Finnish soprano Karita Mattila is a radiant Fidelio, a part optimally suited to her unique air of shyness combined with determination, her wonderful middle-register and straight-forward singing, with a minimum of portamento. The velvety beauty of her middle must be among the most beautiful things on an opera stage today. Emotionally involved as well as vocally convincing. As she appeared here, Karita Mattila seemed the ideal Fidelio.

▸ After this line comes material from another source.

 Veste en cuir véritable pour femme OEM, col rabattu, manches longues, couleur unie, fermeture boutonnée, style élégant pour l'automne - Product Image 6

The magnificent Norwegian bass-barytone Terje Stensvold was Pizzaro. Employed for 30 years at the Norwegian National Opera before embarking on an international career 5-6 years ago, at 60 he now seems to be everywhere, with a voice effortly filling the auditorium.
Endrik Wottrich, with the dubious pleasure of being completely overpowered by Terje Stensvold in the Stockholm Walküre, delivered his one aria (well). Eric Halfvarsson was in more steady voice than is often the case for him at this point in his careeer as Rocco.

But...what happened in the pit? The orchestra conducted by Antonio Pappano sounded disorganised, dissynchronized, dis---whatever. Better luck next time. Really.

Ticket prices at the Royal Opera are what they are, obviously. And, it may be argued, if the quality of performances are three times as high as anywhere else, they obviously would be justified..

The Metropolitan run of this Fidelio production (with Karita Mattila, Ben Heppner and René Pape) is released on DVD.